Extract all lines from the data beneath that include the word "front".

**Source information:**
--
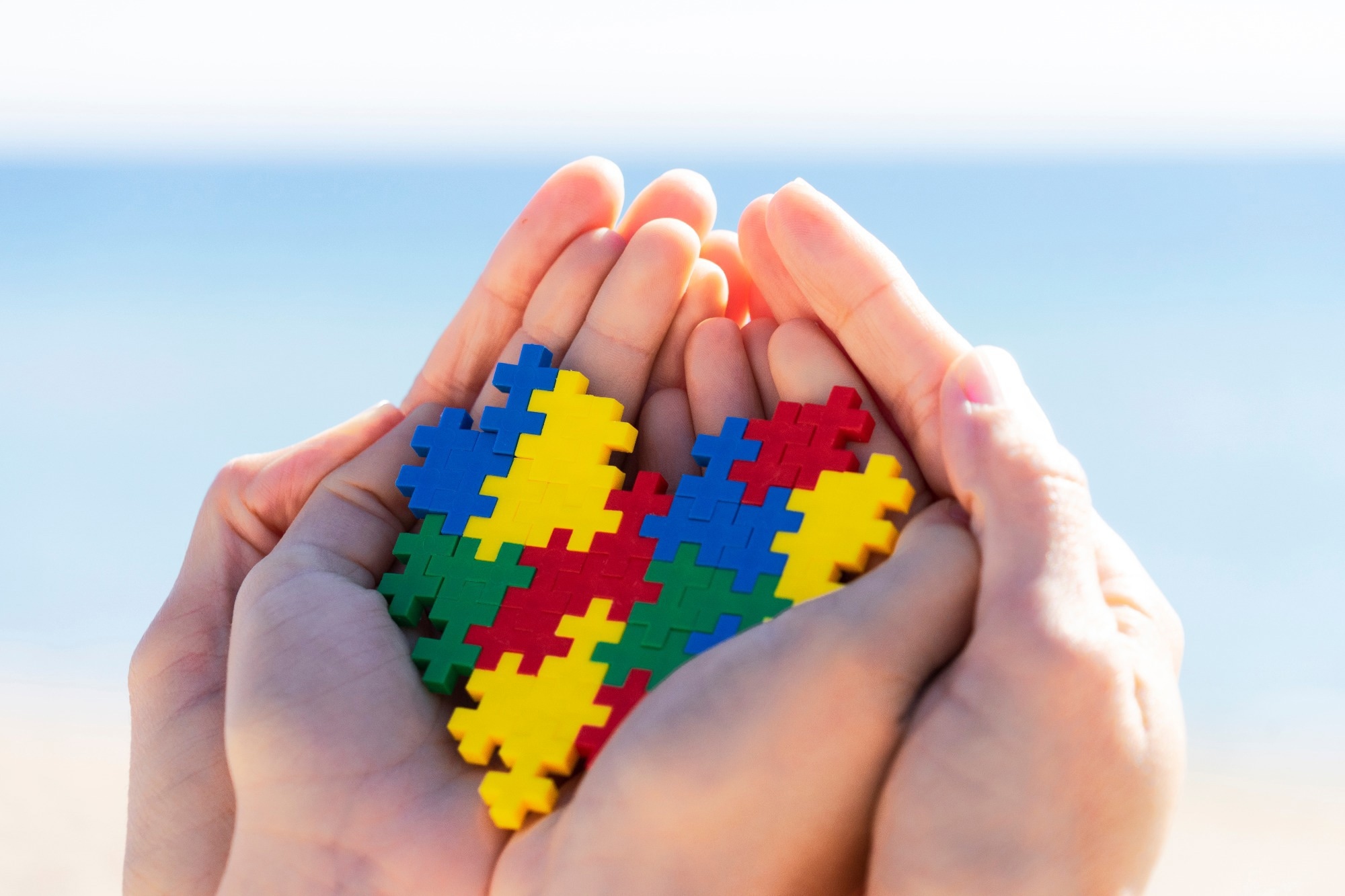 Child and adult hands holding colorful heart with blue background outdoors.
--
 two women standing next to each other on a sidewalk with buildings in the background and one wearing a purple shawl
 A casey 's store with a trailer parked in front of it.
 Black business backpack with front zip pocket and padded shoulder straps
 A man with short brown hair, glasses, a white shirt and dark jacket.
--
**Solution below:**
 A casey 's store with a trailer parked in front of it.
 Black business backpack with front zip pocket and padded shoulder straps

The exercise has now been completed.